Decoding traditional life insurance policies
By Selene 0
Kotak Premier Income Plan by Kotak Mahindra Old Mutual Life Insurance Ltd, is a bundled policy that offers insurance as well as investment. The plan is designed to give fixed income payouts to the policyholder. As it’s a participating plan, the maturity corpus will depend on the bonus that the policy generates. Let’s understand the plan in detail.
The policy term is divided between premium-payment term and the payout term. The premium-payment term is longer than the payout term by a year. So, if you choose a premium-payment term of 12 years (maximum for the policy) you get a guaranteed annual income for 11 years. The amount of guaranteed income depends upon the premium payment term chosen. So, for a premium-payment term of 12 years you get guaranteed annual income, which is 113% of the annual premium, for 11 years. For a premium-payment term of 8 years (the shortest premium-payment term for the plan) the guaranteed annual income for 7 years comes to 103% of the annual premium.
Then at the end of the policy term—premium payment term plus payout term—the policy gives a lump sum.
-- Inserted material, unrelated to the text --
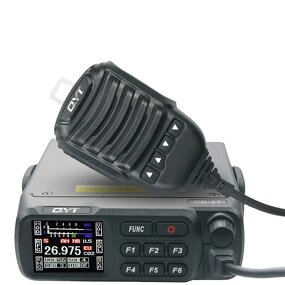 Car Marine Two Way Radio Manufacturer - OEM QYT CB-27 Wireless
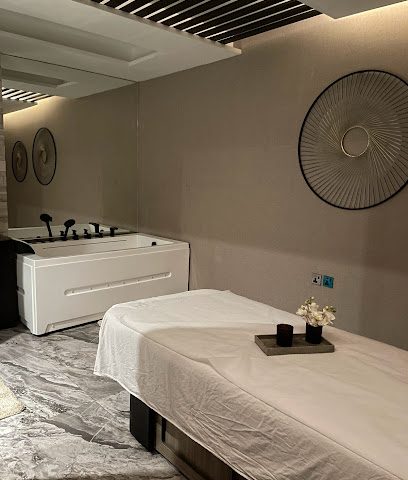 ركن السبا - الشويخ الصناعية - +965 2372 2333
This maturity corpus is the accumulation of all the bonuses that accrued during the policy term. Being a participating plan, this policy will declare a bonus at the end of each year, depending on the performance of the participating fund. The bonus is declared as a percentage of the sum assured. The sum assured in this case is calculated on factors such as your age, policy term and annual premium. Once the bonus is declared it becomes guaranteed, to be payable either on death or maturity. The insurer may decide to give a terminal bonus as well.
In case of death of the policyholder during the policy term, the beneficiary will receive higher of 11 times the annual premium or 105% of the premiums paid till date, plus all the accrued bonuses.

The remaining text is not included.